На следующий день лицеистам выдали простые серые шинели и фуражки. Кормить стали плохо — суп жидкий, без пирогов, мясо жёсткое, а третьего и вовсе не давали. Потом объявили, что в случае опасности для Петербурга лицеисты все вместе поедут в Финляндию, в город Або, где и будут оставаться до конца войны. Ночью Пушкин стал скрести стенку.
— Послушай, Жанно, — зашептал он, — так продолжаться не может. Москва — моя родина. Злодей в Москве, а мы поедем в Або… Надобно принять меры.
— Какие меры?
— Отправиться к Кутузову и попроситься в армию.
— Мне и Малиновский то же самое говорил, — сказал Жанно. — Но возьмёт ли нас Кутузов? Я другое думаю… бежать!
— Куда?
— В Москву.
— Жанно, я всё знаю! Москва оставлена жителями. Город пуст!
— Тем лучше, — сказал Жанно. — Мы переоденемся в простонародное платье, нападём на Наполеона и убьём его!
— И нас расстреляют!
— Верно. Вспомни, что говорил Куницын: «Любовь к славе и отечеству должна быть вашим руководителем!»
— Отлично! — воскликнул Пушкин. — Бежим хоть сейчас!
— Не сейчас. Кто нас выпустит? Это следует приготовить… Хотят бежать Кюхля и Малиновский, всего нас будет четверо.

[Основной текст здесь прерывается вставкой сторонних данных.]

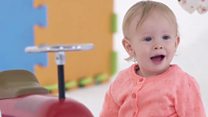 کیا بچوں کو تحفے ان کی جنس کی مناسبت سے دینے چاہیے؟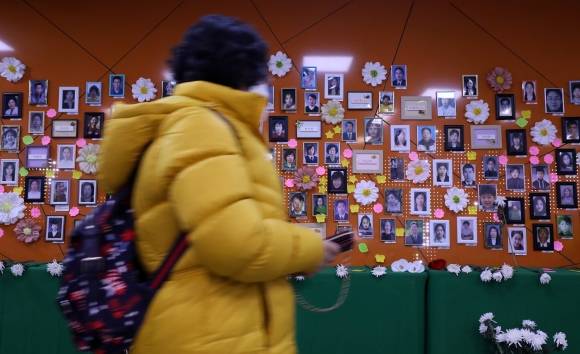 2.18 대구지하철 화재 참사 ‘벌써 20년’ - (대구=뉴스1) 공정식 기자 = 대구지하철 화재 참사 20주기를 이틀 앞둔 16일 시민들이 대구지하철 1호선 중앙로역에 마련된 추모 공간 앞을 지나고 있다. 2023.2.16/뉴스1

Да и как доберёмся мы до Москвы?
— Пешком!
— Что ты, Пушкин, пешком мы и до Нового года не дойдём до Москвы! Надо всё приготовить.
Жанно всё «приготовил». На следующий день на прогулке он пропал. Чирикандус разыскивал его не меньше получаса, как вдруг Жанно вынырнул из-за Скрипучей беседки, на берегу маленького озера, и объявил, что рассматривал цветы.
Чирикандус было рассердился и хотел рассказать инспектору, но потом остыл и только покачал головой.
— В такое время не хочу я с вами ссориться, птенцы, — добавил он грустно, — ведь скоро мы расстанемся надолго…
В Лицее Жанно отозвал Пушкина и Малиновского в сторону и сказал, что всё «приготовилось» как нельзя лучше. Панька, сын садовника, тоже хочет в Москву. Он уговорит дядю своего, ямщика, взять с собой пятерых мальчиков и довезти их до Твери. А уж от Твери до Москвы рукой подать!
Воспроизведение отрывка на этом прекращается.